Despite the gradual improvement in the Austrian economy after 1924, serious doubts about the country’s Lebensfähigkeit (viability) remained widespread. Even in the most prosperous years there was a troublesome surplus of imports over exports. In an age of autarky only self-sufficient countries were considered viable. For Austrians, their self-doubt became a self-fulfilling prophecy. Foreigners, impressed by the Austrians’ pessimism about their future, were reluctant to invest in a dying state. Consequently, Austrian industries were constantly short of the capital they needed to expand. In turn, this shortage left unsolved the chronic unemployment rate, which rarely fell below 10 percent of the work force.13

The Anschluss Movement

Difficult as its economic problems were, an even worse dilemma for the young Austrian Republic was the repudiation of its very existence by the majority of its citizens. It was this rejection, more than any other single factor, that aided the Nazis’ cause. The heart and soul of the Austrian Nazis’ program was their desire for an Anschluss, or union, with Germany. Far from creating the issue, however, or even monopolizing it, the Nazis merely succeeded in exploiting it more effectively than any other Austrian party.
Although their country’s desperate economic circumstances in 1918-19 intensified the Austrians’ yearning for an Anschluss, the ambition long antedated the end of the First World War. From the beginning of the Holy Roman Empire until Austria’s expulsion from the German Confederation in 1866, the lands that later comprised the Austrian Republic had always been a part of Germany. Thereafter the Austrians continued to look enviously at the German Empire’s higher standard of living. Although for the most part loyal subjects of the Habsburgs, the German-Austrians felt emotionally, linguistically, culturally, and historically closer to the people of Germany than they did to the non-Germans of the Dual Monarchy.

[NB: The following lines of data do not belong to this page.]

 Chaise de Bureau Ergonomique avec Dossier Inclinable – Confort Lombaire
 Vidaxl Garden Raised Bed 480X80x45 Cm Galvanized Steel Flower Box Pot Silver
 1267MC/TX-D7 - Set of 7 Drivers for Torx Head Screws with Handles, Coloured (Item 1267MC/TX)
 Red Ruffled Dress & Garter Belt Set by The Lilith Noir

Even though relations between the German and Austro-Hungarian empires were far from untroubled during the First World War,14 propaganda and a shared danger held the alliance together. The war greatly heightened nationalism in each of the belligerent countries. Whereas the ideology had a disruptive effect on the multinational Habsburg Monarchy, it tended to strengthen spiritual ties between German-speaking people on either side of the Inn River. When nationalism and the war threatened to destroy the Habsburg Monarchy, union with Germany appeared to be the only practical alternative for the ten million Germans of the Austrian Empire.
The defeat of Austria-Hungary and the disintegration of the Dual Monarchy did have one apparent advantage for the German Austrians: it seemed to settle the question that had been troubling them since 1848: whether they were really Austrians or Germans. Now all divisions of loyalty were temporarily swept away. The Austrian Republic was seen by most of its citizens as a mere remnant of the old Empire, a totally artificial creation. “Threatened by new neighbors which only yesterday had been her subject peoples, she was lamenting her present, questioning her past, and doubtful of her future. Union with Germany seemed thus to many Austrians the only solution to her staggering problems.”15 The Anschluss represented the possibility of regaining both Austria’s former prosperity and its lost prestige.

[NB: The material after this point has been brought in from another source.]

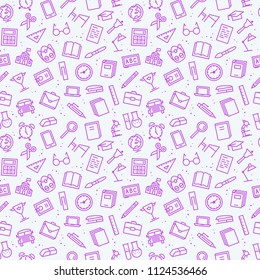 education pattern with icons pink color school supplies for decoration, promotion. School Background. Super sale banner shopping. Vector illustration 10 eps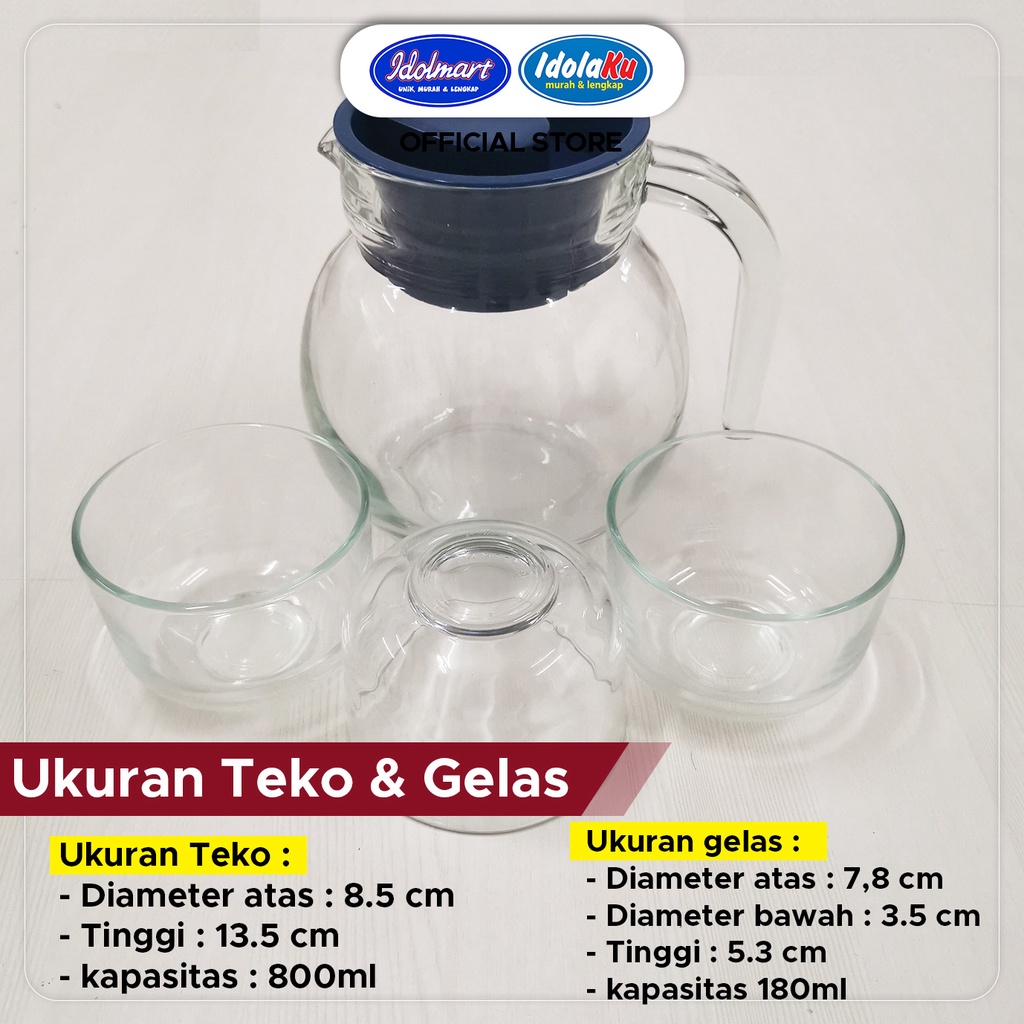 IDOLAKU Pitcher Teko Set Bulat / Drink Set Kimglass isi 4 pcs / Teko Bulat dan gelas - Semarang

The Anschluss movement was led in the early postwar years by the Austrian Social Democratic party (SDP), supported by various traditionally pan-German groups. Until at least the beginning of 1918 the Socialists had supported the Austro-Hungarian Monarchy, believing that the economic development of the industrial proletariat would be enhanced by a large free-trade area. When the November Revolution toppled the Hohenzollern dynasty in Germany and replaced it with a Socialist government, the Austrian SDP pushed for a union of the two countries.
But pro-Anschluss opinion was not unanimous in Austria. Even traditional pan-German groups, whose roots stretched back far beyond 1919, were repelled at the thought of joining a Socialist Germany. And the conservative Christian Social party (CSP) paid at best lip service to the Anschluss idea when not actively opposing it.16 This fear was especially strong among industrialists and financiers who feared German competition. As Catholics, the Christian Socials showed little enthusiasm for Protestant Germany. If they officially supported the Anschluss program it was mainly to appease their coalition partners in the Austrian government.

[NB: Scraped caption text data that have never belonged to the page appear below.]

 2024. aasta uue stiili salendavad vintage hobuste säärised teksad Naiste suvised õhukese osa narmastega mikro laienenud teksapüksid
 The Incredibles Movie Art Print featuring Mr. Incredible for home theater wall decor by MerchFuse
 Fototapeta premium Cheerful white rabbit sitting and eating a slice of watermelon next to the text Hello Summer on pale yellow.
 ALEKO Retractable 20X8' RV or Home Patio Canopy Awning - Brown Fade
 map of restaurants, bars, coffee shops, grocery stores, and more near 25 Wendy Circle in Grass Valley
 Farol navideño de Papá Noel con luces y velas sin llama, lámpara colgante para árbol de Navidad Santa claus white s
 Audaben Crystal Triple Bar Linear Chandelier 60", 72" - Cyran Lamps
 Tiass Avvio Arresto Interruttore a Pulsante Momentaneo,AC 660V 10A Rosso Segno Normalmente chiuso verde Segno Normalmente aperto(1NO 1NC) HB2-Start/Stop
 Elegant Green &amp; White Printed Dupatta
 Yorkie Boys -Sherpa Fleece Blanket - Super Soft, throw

Most Austrians in late 1918 innocently if naively believed that their Anschluss aspirations would be realized. President Woodrow Wilson had favored national self-determination as one of his famous Fourteen Points. When he arrived at the Paris Peace Conference he had still not made up his mind whether to exclude German Austria from this principle.17
But Wilson gradually came to agree with Georges Clemenceau, the French premier, that Germany could not be rewarded for losing the war by being given more territory than it would lose. Thus, it was the American president who suggested the compromise formula, incorporated in the treaties of Saint-Germain and Versailles, that Austria could “not alienate its independence” without the unanimous approval of the Council of the League of Nations. But France alone, as a permanent member of the Council, could veto such a move. By leaving alive the hope of a possible future union, the Allies could avoid the odium of flagrantly violating their own principle of self-determination.18
Yet, this very hope helped to keep the Anschluss movement active in both Austria and Germany. A less ambiguous stand, along with territorial concessions to Austria in the South Tyrol, and perhaps along the Czechoslovak border, might well have thwarted the Anschluss drive from the beginning.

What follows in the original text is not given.